Cher Lemarinel,
La première question que j'avais posée était celle par rapport à laquelle les autres n'étaient que des pistes. Ce que je vous demandais, c'est concrètement la différence qu'on peut faire entre bonheur et plaisir. Les mots diffèrent par les lettres qui les composent certes, mais au niveau des idées, je ne vous vois pas indiquer de contenu spécifiquement différent.
Pour ce qui est de Spinoza, y a-t-il lieu d'opposer plaisir et joie si corps et esprit ne sont qu'une seule et même chose considérée sous des angles différents ? Si on peut appeler joie l'augmentation de la puissance du mental, comment appellera-t-on l'augmentation de la puissance du corps ? Et si l'ordre et la connexion des idées est le même que l'ordre et la connexion des corps (E2P7), quelle différence y a-t-il entre le chatouillement (
titillatio) et la joie ? cf. scol. de E3P11. Misrahi traduit carrément
titillatio par plaisir, car en effet, Spinoza oppose
titillatio (augmentation de puissance ou de perfection affectant plus vivement une partie du corps et du mental à la fois - ce côté partiel expliquant son caractère peu durable) et
dolor (diminution de puissance sur une partie du corps et de l'esprit). Or en français, ce qu'on oppose à douleur, c'est plaisir.
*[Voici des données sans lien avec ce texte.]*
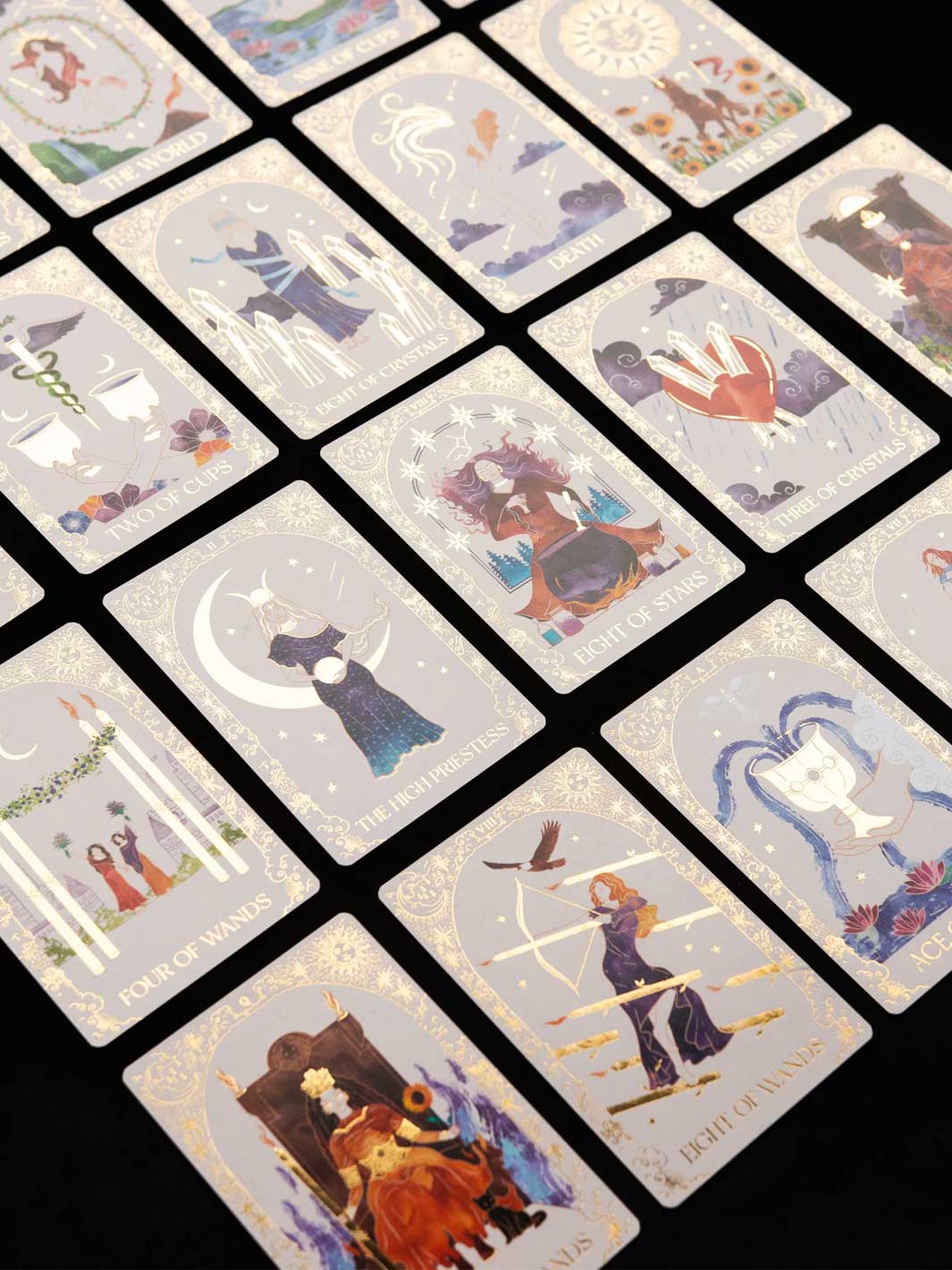A set of illustrated tarot cards arranged in a grid on a black background. The cards feature soft pastel artwork with celestial and mystical imagery, including moons, birds, hands, and figures in flowing garments.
(note au passage : et à la gaité qui affecte globalement corps et esprit, la morosité, qui me semblerait donc un peu mieux que mélancolie pour traduire
melancholia)
Les grecs ont
hêdonê et
eudaïmonia. Mais pour Épicure, il n'y a pas de différence derrière ces mots : il nie la différence que font les cyrénaïques entre corps et esprit et entre passager et stable : le bonheur est un état de plaisir stable qui affecte autant le corps que l'esprit. Cet état consiste dans l'absence de douleur et de trouble moral (
Lettre à Ménécée) grâce à la préférence accordée aux désirs naturels et nécessaires.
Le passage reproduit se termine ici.